• Exercise details
If a record contains a picture, drop the picture and copy everything else exactly.

• Records for this exercise
= Beginning of Section =

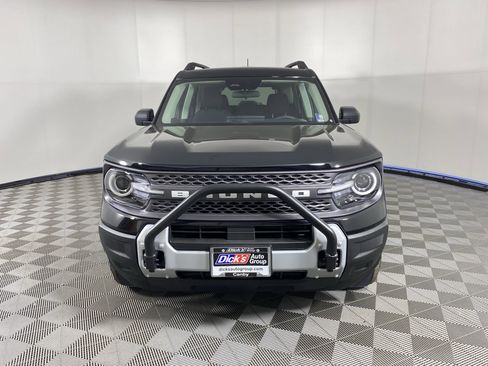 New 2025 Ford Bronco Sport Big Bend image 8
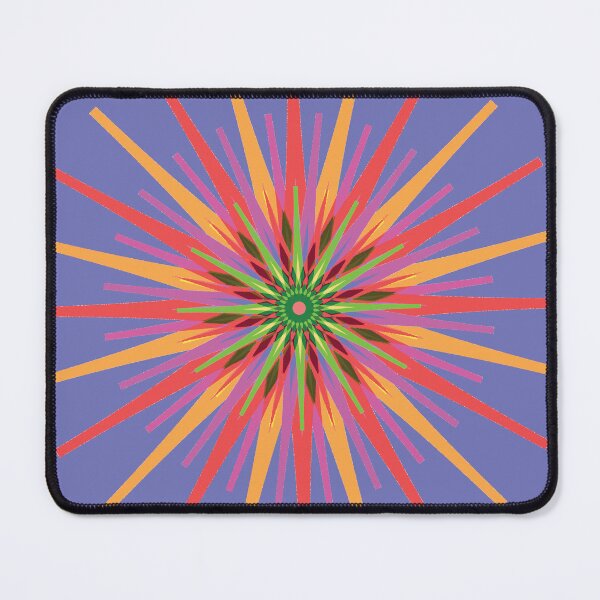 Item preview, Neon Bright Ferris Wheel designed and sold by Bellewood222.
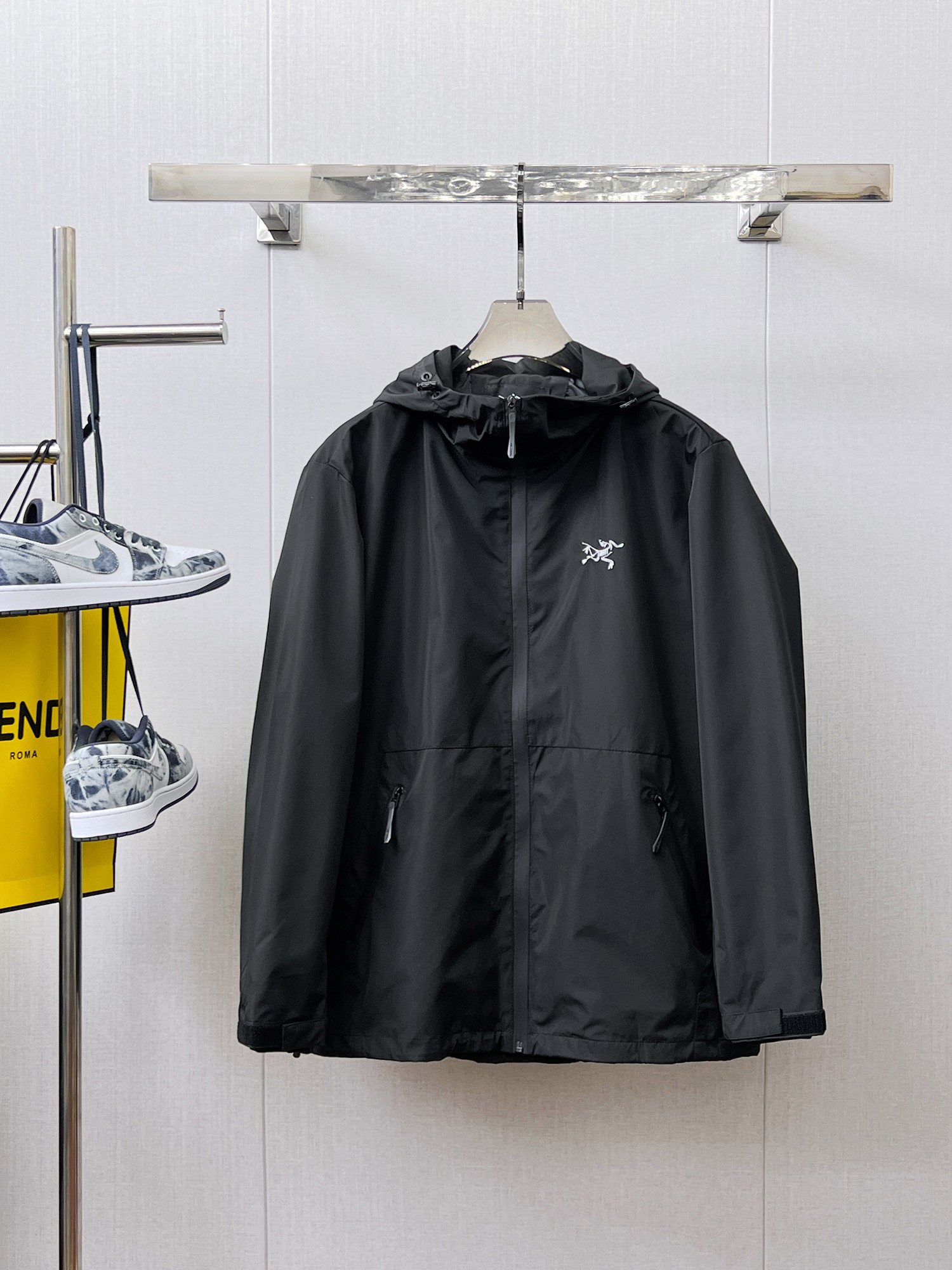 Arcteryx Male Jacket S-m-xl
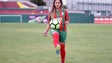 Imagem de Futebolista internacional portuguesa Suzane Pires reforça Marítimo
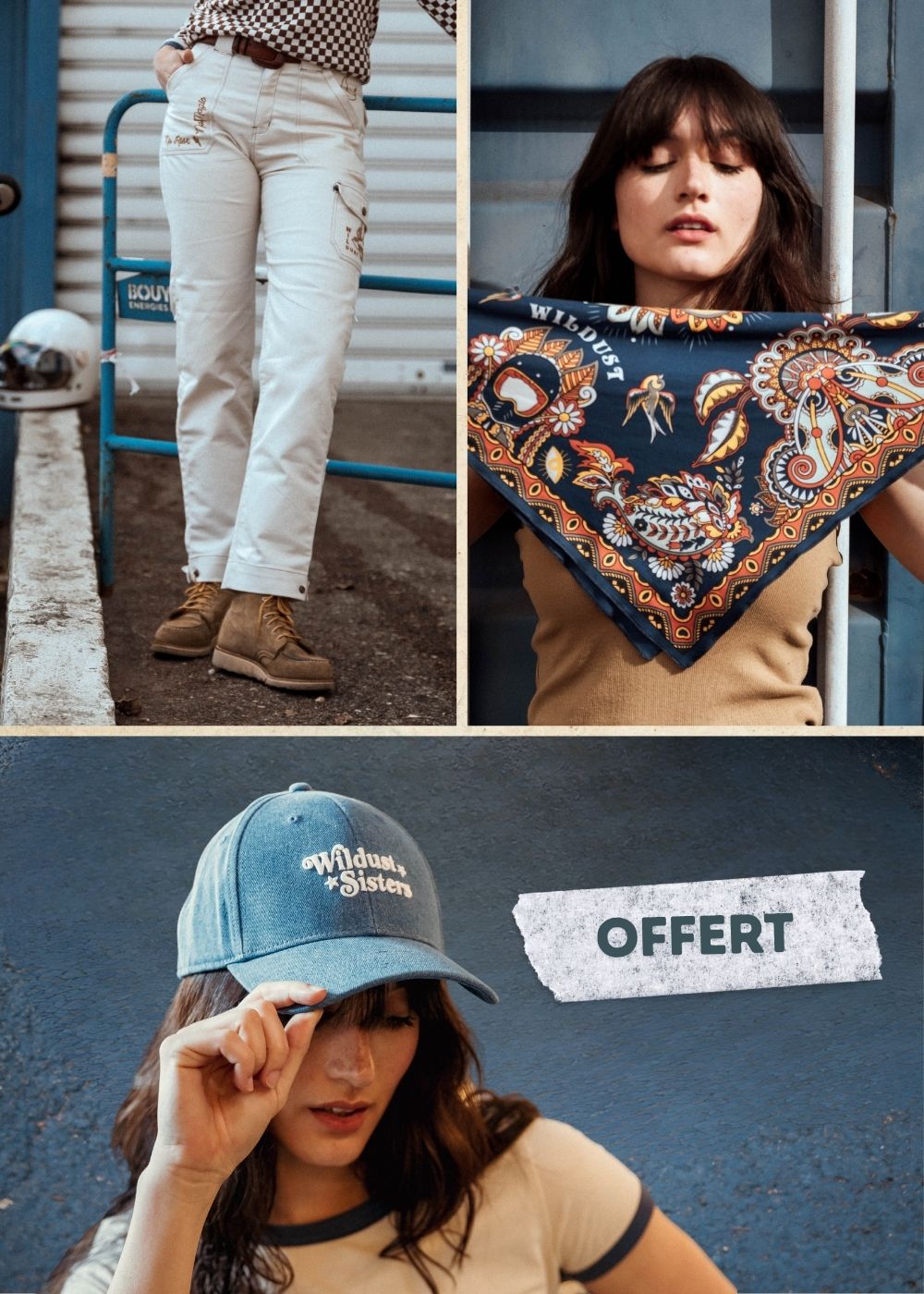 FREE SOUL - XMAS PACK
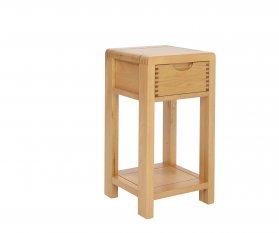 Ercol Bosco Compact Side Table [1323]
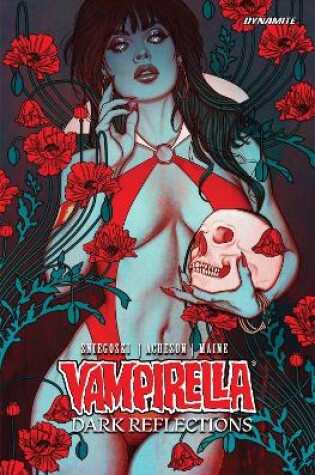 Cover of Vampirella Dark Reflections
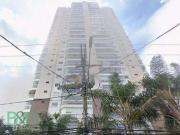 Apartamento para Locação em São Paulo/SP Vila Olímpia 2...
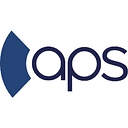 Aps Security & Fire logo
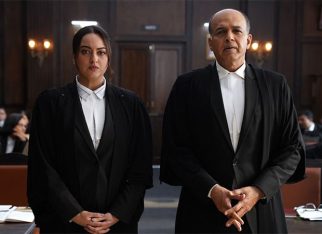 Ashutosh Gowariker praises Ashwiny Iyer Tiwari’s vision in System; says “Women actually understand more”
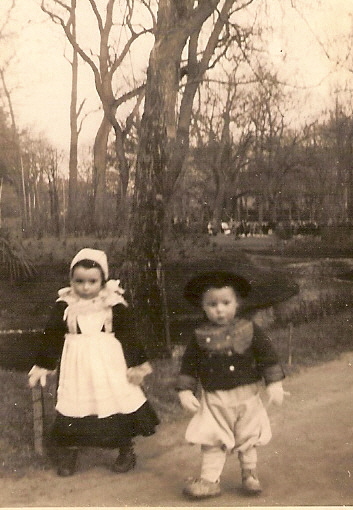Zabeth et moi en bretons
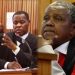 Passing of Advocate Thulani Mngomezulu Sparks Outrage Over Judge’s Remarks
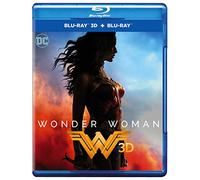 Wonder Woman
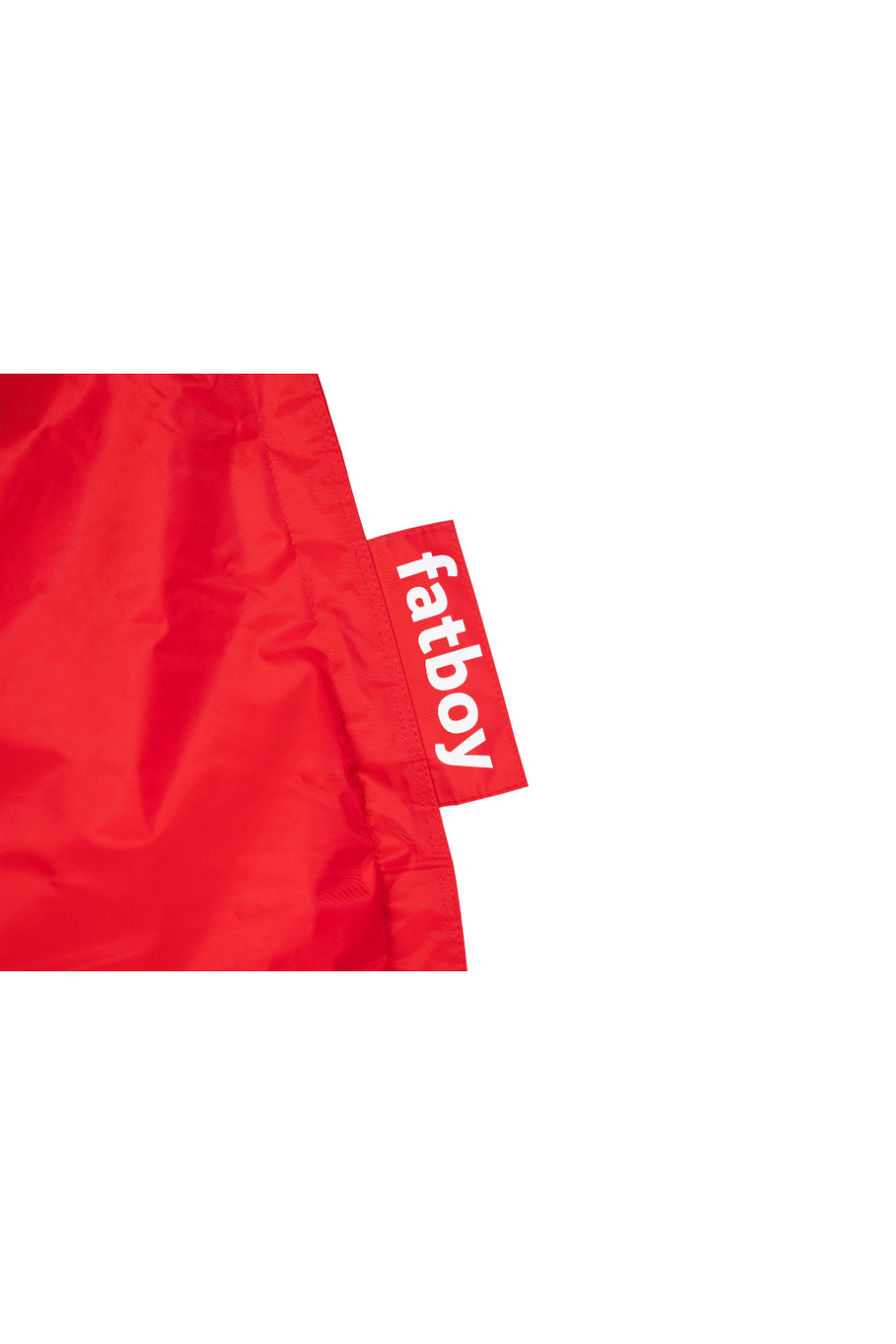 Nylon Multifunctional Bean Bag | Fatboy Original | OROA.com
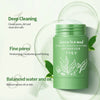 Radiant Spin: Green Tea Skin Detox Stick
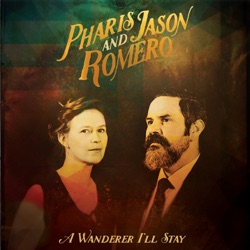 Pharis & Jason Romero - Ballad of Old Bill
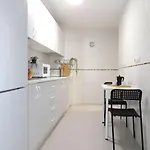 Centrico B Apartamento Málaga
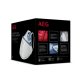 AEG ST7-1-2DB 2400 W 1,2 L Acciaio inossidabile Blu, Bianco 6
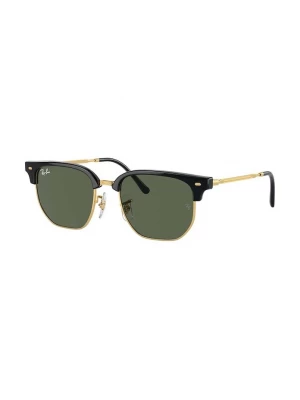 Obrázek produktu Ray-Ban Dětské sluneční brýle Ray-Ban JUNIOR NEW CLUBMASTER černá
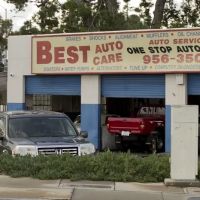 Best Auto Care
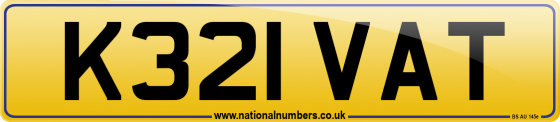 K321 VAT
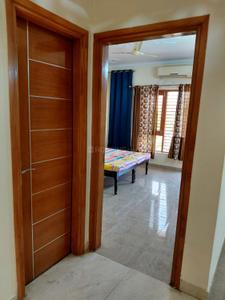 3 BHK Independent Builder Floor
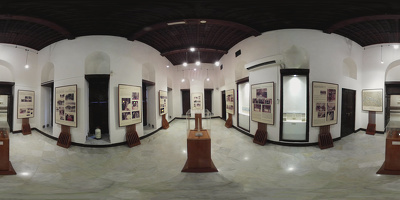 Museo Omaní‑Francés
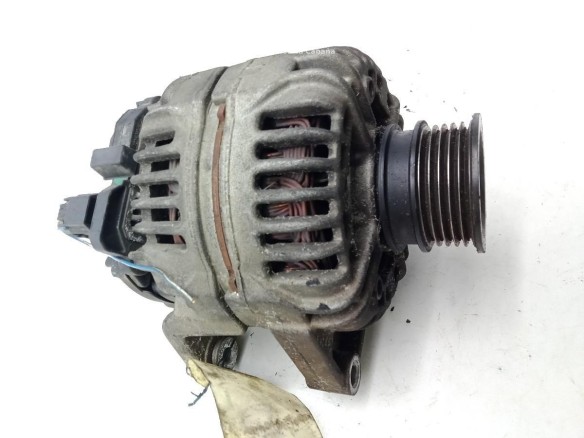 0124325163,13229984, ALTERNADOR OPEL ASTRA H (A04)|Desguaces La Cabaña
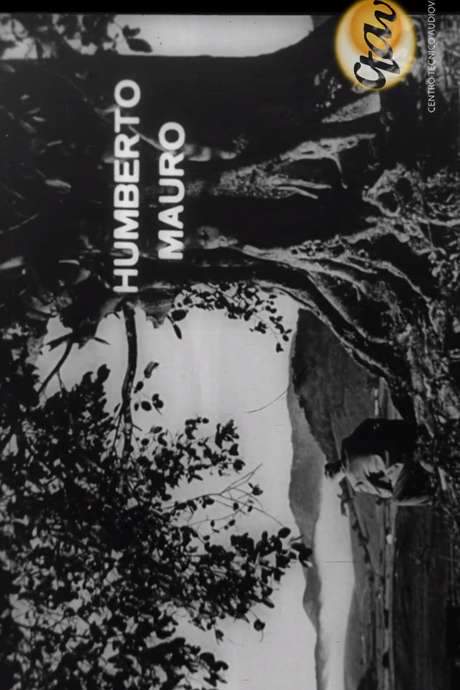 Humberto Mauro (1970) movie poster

= End of Section =

• Solved problem
 New 2025 Ford Bronco Sport Big Bend image 8
 Item preview, Neon Bright Ferris Wheel designed and sold by Bellewood222.
 Arcteryx Male Jacket S-m-xl
 Imagem de Futebolista internacional portuguesa Suzane Pires reforça Marítimo
 FREE SOUL - XMAS PACK
 Ercol Bosco Compact Side Table [1323]
 Cover of Vampirella Dark Reflections
 Apartamento para Locação em São Paulo/SP Vila Olímpia 2...
 Aps Security & Fire logo
 Ashutosh Gowariker praises Ashwiny Iyer Tiwari’s vision in System; says “Women actually understand more”
Zabeth et moi en bretons
 Passing of Advocate Thulani Mngomezulu Sparks Outrage Over Judge’s Remarks
 Wonder Woman
 Nylon Multifunctional Bean Bag | Fatboy Original | OROA.com
 Radiant Spin: Green Tea Skin Detox Stick
 Pharis & Jason Romero - Ballad of Old Bill
 Centrico B Apartamento Málaga
 AEG ST7-1-2DB 2400 W 1,2 L Acciaio inossidabile Blu, Bianco 6
 Obrázek produktu Ray-Ban Dětské sluneční brýle Ray-Ban JUNIOR NEW CLUBMASTER černá
 Best Auto Care
 K321 VAT
 3 BHK Independent Builder Floor
 Museo Omaní‑Francés
 0124325163,13229984, ALTERNADOR OPEL ASTRA H (A04)|Desguaces La Cabaña
 Humberto Mauro (1970) movie poster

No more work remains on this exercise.